Nel paragrafo Tools riguardo alla questione relativa alla macrocondizionalità economica:
nel Tavolo di coordinamento le Regioni, congiuntamente al Dipartimento per le politiche di coesione sulla scorta della posizione nazionale espressa in Comitato delle Regioni europeo a Bruxelles, hanno richiamato alla comune memoria la formula espressa nell’accordo di Conferenza Unificata del 9 novembre 2017 “Posizione italiana sulla politica di Coesione post – 2020” per mezzo del Dipartimento per le politiche di Coesione e Conferenza delle Regioni, in cui al secondo capoverso dell’apposito paragrafo “Politica di coesione e riforme strutturali” era stato attestato che “Il meccanismo della condizionalità macroeconomica va superato, per evitare che vengano messi a rischio territori (omissis)”. In Tavolo di coordinamento si è concordato di enunciare chiaramente e formalmente la non accettazione della macrocondizionalità economica, riportando questa frase: “Conversely, macroeconomic conditionality, at least in its current form, does not directly support the goals of the cohesion policy and could actually turn out to be self-defeating.

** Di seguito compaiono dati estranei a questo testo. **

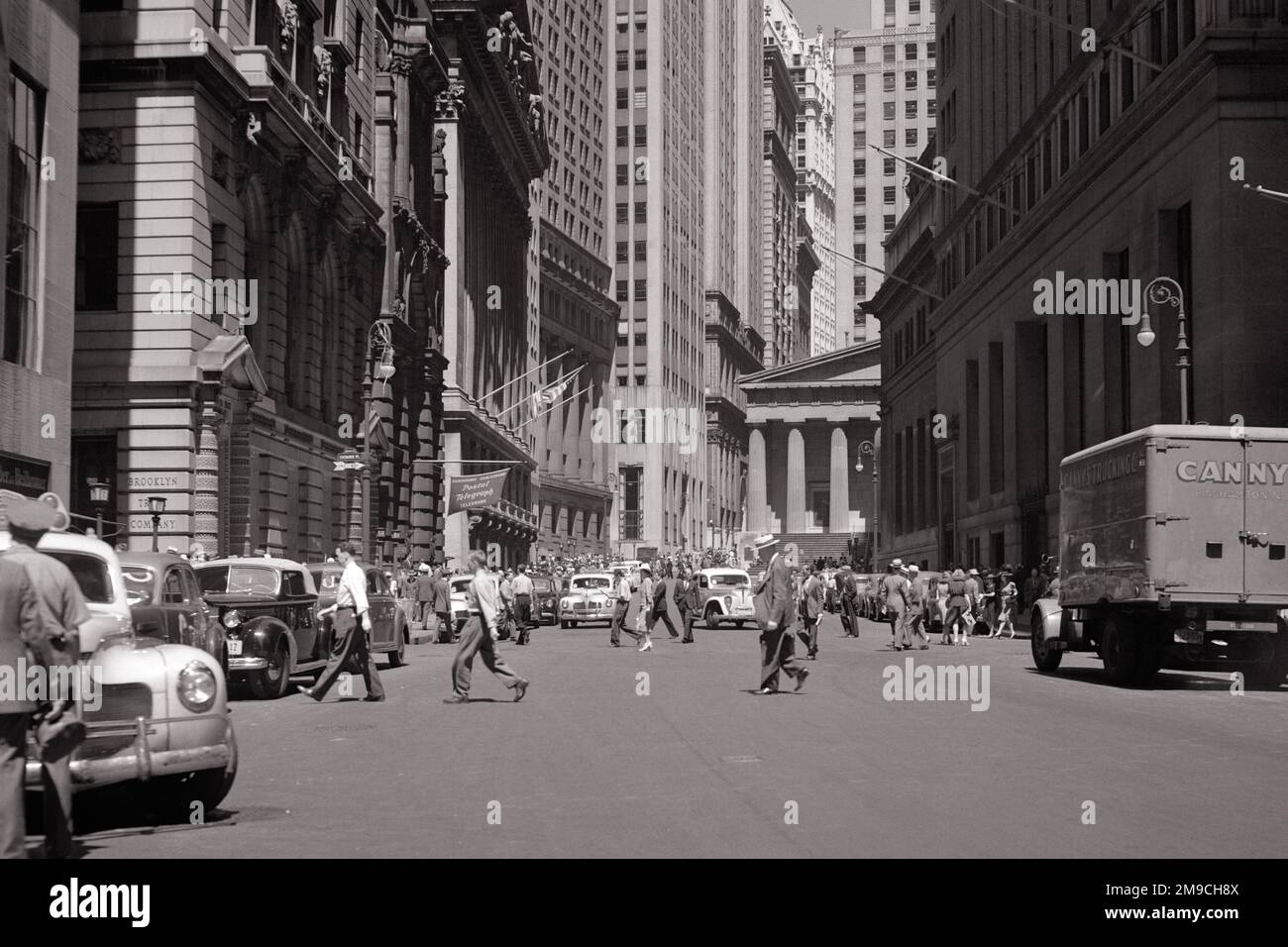 1940S AUTOS FUSSGÄNGER UND BLICK NACH NORDEN DIE BROAD STREET HINAUF ZUR FEDERAL HALL AN DER WALL STREET DOWNTOWN MANHATTAN NEW YORK CITY - Q41320 CPC001 HARS KOPIERRAUM VOLLE LÄNGE DAMEN PERSONEN VEREINIGTE STAATEN VON AMERIKA AUTO MÄNNER GEBÄUDE FUSSGÄNGER TRANSPORT B&W DOWNTOWN STRUCTURE ADVENTURE PROPERTY UND AUTOS SPANNUNG EXTERIEUR BREITE MÖGLICHKEITEN FÜR NYC IMMOBILIEN NEW YORK STRUCTURES AUTOS STÄDTE FAHRZEUGE GEBÄUDE NEW YORK CITY SCHWARZ-WEISS FEDERAL OLD FASHIONED Stockfoto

Therefore, it will have to be reconsidered as to avoid pro-cyclical effects that would amplify the phases of the economic cycle in the affected Member State”.
Infine, per quanto riguarda il dossier Politiche Agricole, al paragrafo 4.a) CAP:
il ministero delle Politiche agricole, alimentari e forestali ha ribadito la criticità per l’Italia della Convergenza esterna, che incide fortemente sul riparto dei fondi tra Stati membri, chiedendo di inserire il tema nell’Addendum. Ha affrontato il tema della possibile riduzione delle risorse, chiedendo di sostenere esplicitamente nell’Addendum l’opzione del cofinanziamento dello Sviluppo rurale, rimandando ad altra sede l’opzione del cofinanziamento del Primo pilastro (sostegno dei prezzi dei prodotti agricoli e l’integrazione diretta dei redditi degli agricoltori). È stato quindi concordato di ampliare il paragrafo con l’esplicitazione delle richieste italiane (Convergenza esterna e Sviluppo rurale), chiedendo altresì di inserire la proposta di percentuale di cofinanziamento massimo per lo Sviluppo rurale, che libererebbe risorse del QFP e incrementerebbe il totale delle spese pubbliche per il medesimo Sviluppo rurale.